The Department responds, however, that Wendt’s services are provided not as an integrated public transportation process, but as nothing more than a unique, all-in one business model that offers a menu of à la carte services, some that are public transportation and some that are not.  (See Oral Argument Tr. at 32-38, 41-42; Resp’t Br. at 5-6 (footnote added).)    Explaining, the Department states that Wendt’s competitors provide many of the same services on a stand-alone basis, but the property used to provide those individual services  is ineligible for exemption; thus,  Wendt’s similar services must be ineligible. (See Oral Argument Tr. at 23, 32, 36-41; Resp’t Br. at 3, 5 (footnote added).)  The Department concludes that given individual scrutiny, not evaluation based on the relationship to Wendt’s core activity of transporting machinery on the highways, the property at issue is not exempt because it is not “directly used or consumed in providing public transportation.”    (See Oral Argument Tr. at 23, 36-39
(footnote added)); see also I.C. § 6-2.5-5-27.

Direct Use

As discussed above, Wendt’s property will qualify for exemption if the evidence shows that it is “necessary and integral” to Wendt’s provision of public  transportation services.  See USAir, 542 N.E.2d at 1036.  Moreover, the exemption extends to items directly used in a continuous, integrated public transportation process.  See Harbor Belt, 460 N.E.2d at 175.  Accordingly, the critical question here is whether Wendt’s property is necessary and integral to Wendt’s integrated public transportation process.

Phase 1:  Project Planning

As  detailed in the facts above, Wendt claims its  public  transportation process begins when it prepares estimates for potential customers.   Wendt’s  estimates are better characterized as sales activity, however, because they are intended  to present the lowest bid and obtain a customer.  (See Resp’t Des’g Evid.

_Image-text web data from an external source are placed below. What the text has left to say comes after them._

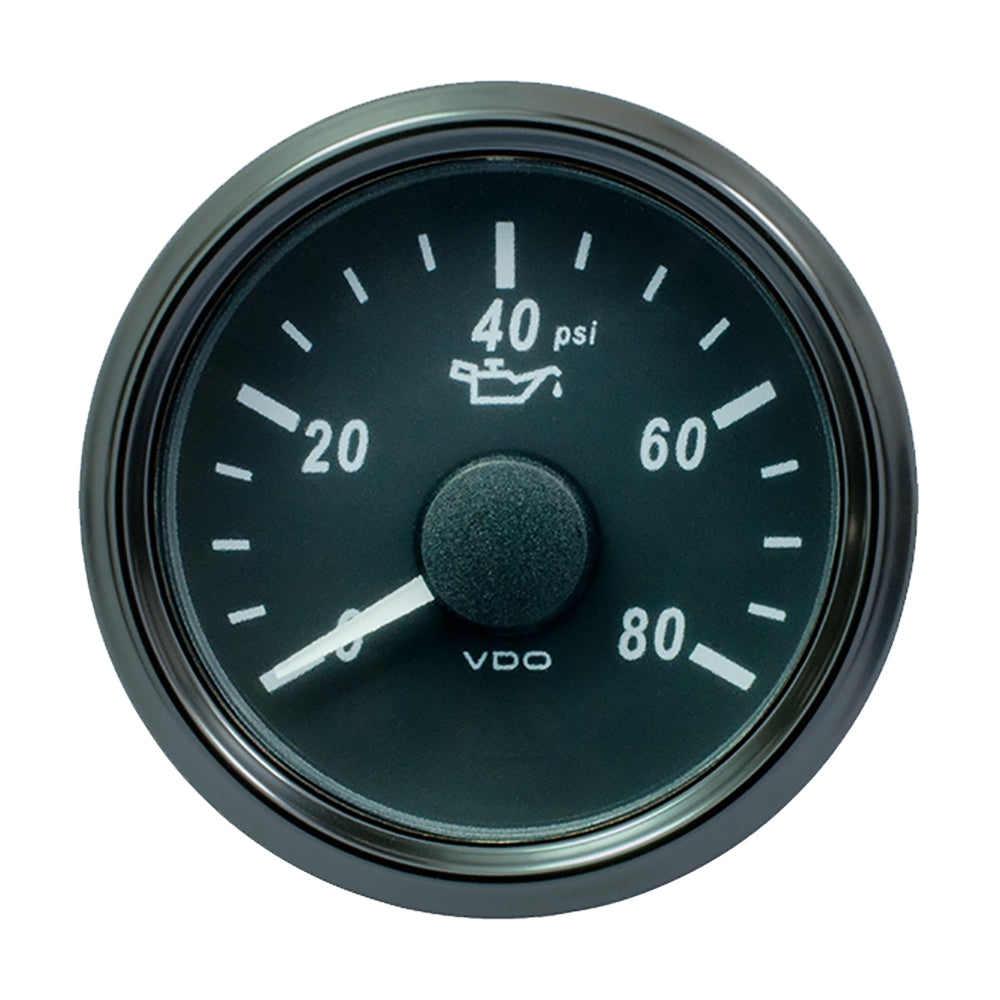 VDO SingleViu 52mm (2-1/16") Oil Pressure Gauge - 80 PSI - 240-33 Ohm — marine gauges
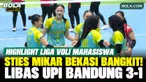 STIES MIKAR Bekasi sukses bangkit dan menaklukkan UPI Bandung dengan skor 3-1 dalam pertandingan Liga Voli Mahasiswa Seri Jakarta 2026 di GOR Pertamina Simprug, Jakarta Selatan, Selasa (27/10/2026). Sempat kehilangan set pertama dengan skor 22-25, S...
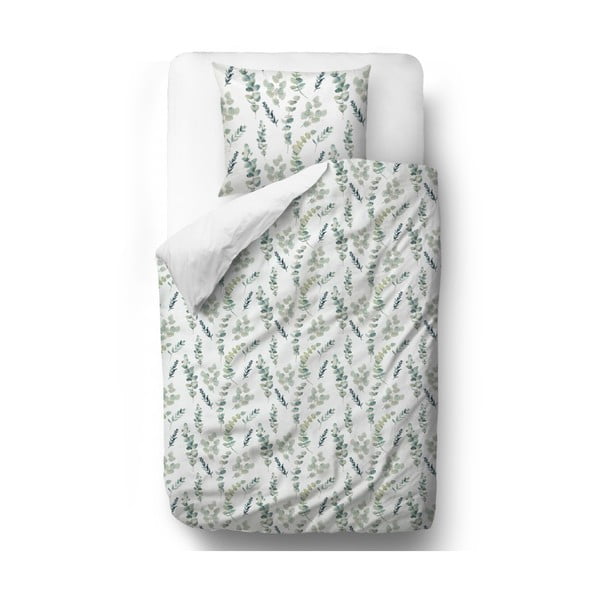 Balta un zaļa kokvilnas satīna gultasveļa Butter Kings Eikalipta zari, 200 x 200 cm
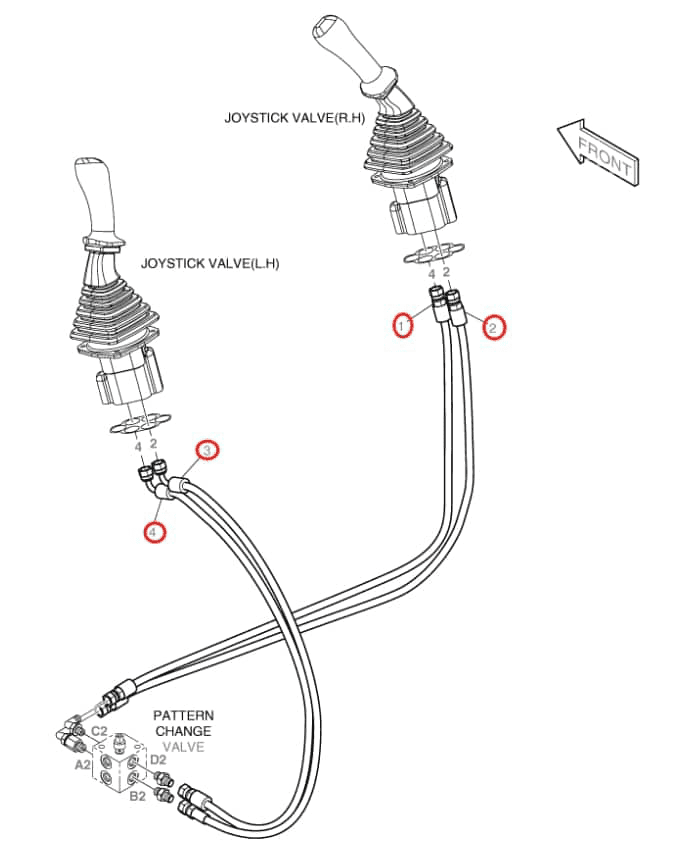 Doosan DX30Z installation diagram showing hydraulic hose DS2093253 at Pipe No. 4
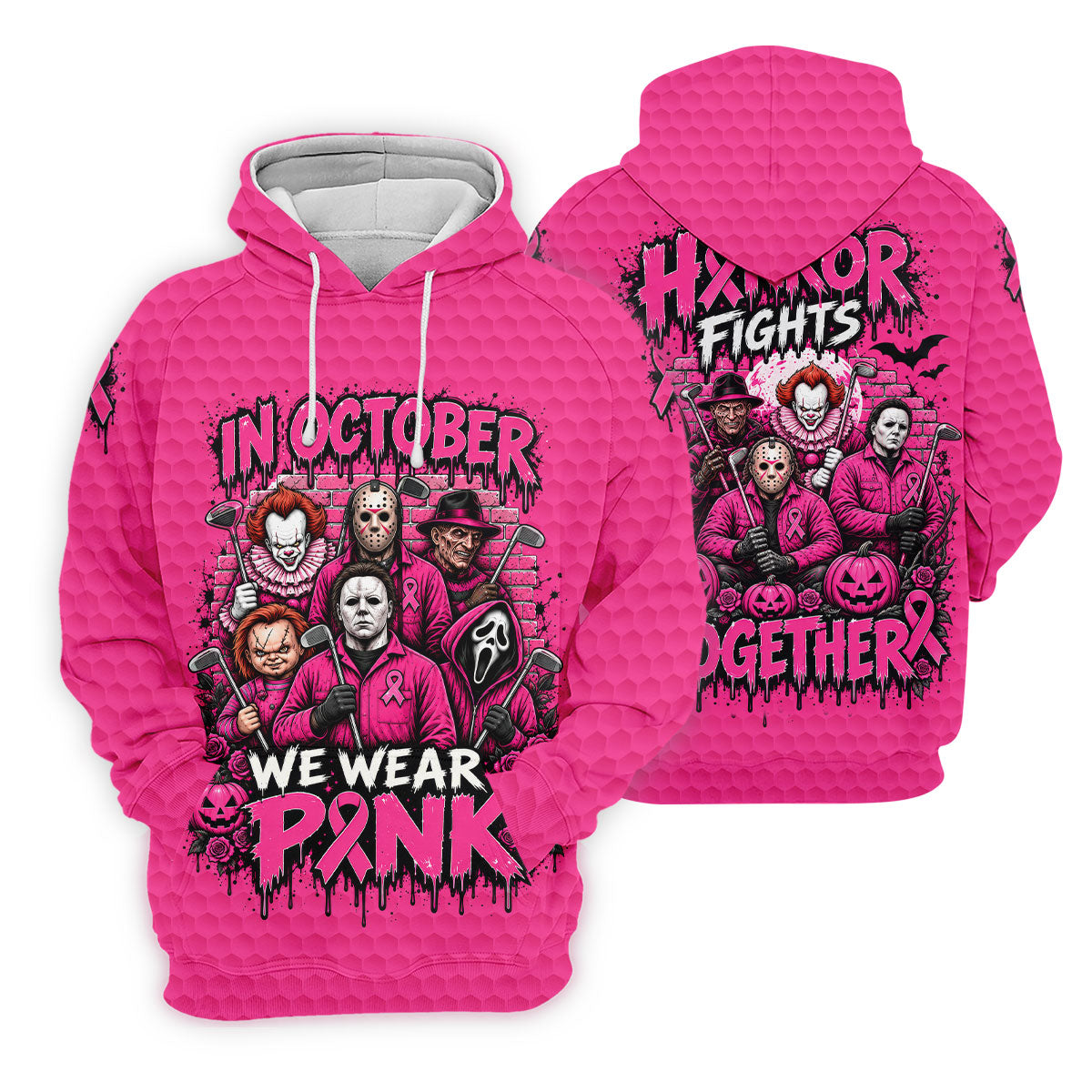 Horror Fights Together Pink Ribbon Polo Shirt, Golf Shirts For Men, Polo Shirts For Men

Vol. 2, Ex. 20 at 27-28.)  Thus, while Wendt’s  estimates  may be connected to  its provision of public transportation, they do not always garner a customer and therefore are not necessary and integral to furnishing public transportation.  Moreover, this conclusion is consistent with those portions of the public transportation regulations that deem property used for sales and  other non-operational activities, such as cost projections, ineligible for exemption.  See 45 IND. ADMIN. CODE 2.2-5-61(e), (m) (2001); see also 45 IND. ADMIN.CODE 2.2-5-62 (f), (k) (2001).  Accordingly, the Court finds that preparing estimates is not part of Wendt’s public transportation process and, therefore, property used in providing these services is not necessary and integral to Wendt’s integrated public transportation process. 

In this phase, Wendt also plans transportation routes and obtains travel permits.  Both are necessary and integral to  Wendt’s public transportation process because Wendt could not legally haul oversized machinery over the highways without travel permits for the route being traveled.  Moreover, the public transportation regulations deem a common carrier’s purchases  of  items  to comply with federal and state mandates, as reasonably necessary to the rendering of public transportation.  See 45 I.A.C. 2.2-5-61(d); see also 45 I.A.C. 2.2-5-62(e).  Therefore, property used to plan the routes and obtain the travel permits is necessary and integral to Wendt’s integrated public transportation process.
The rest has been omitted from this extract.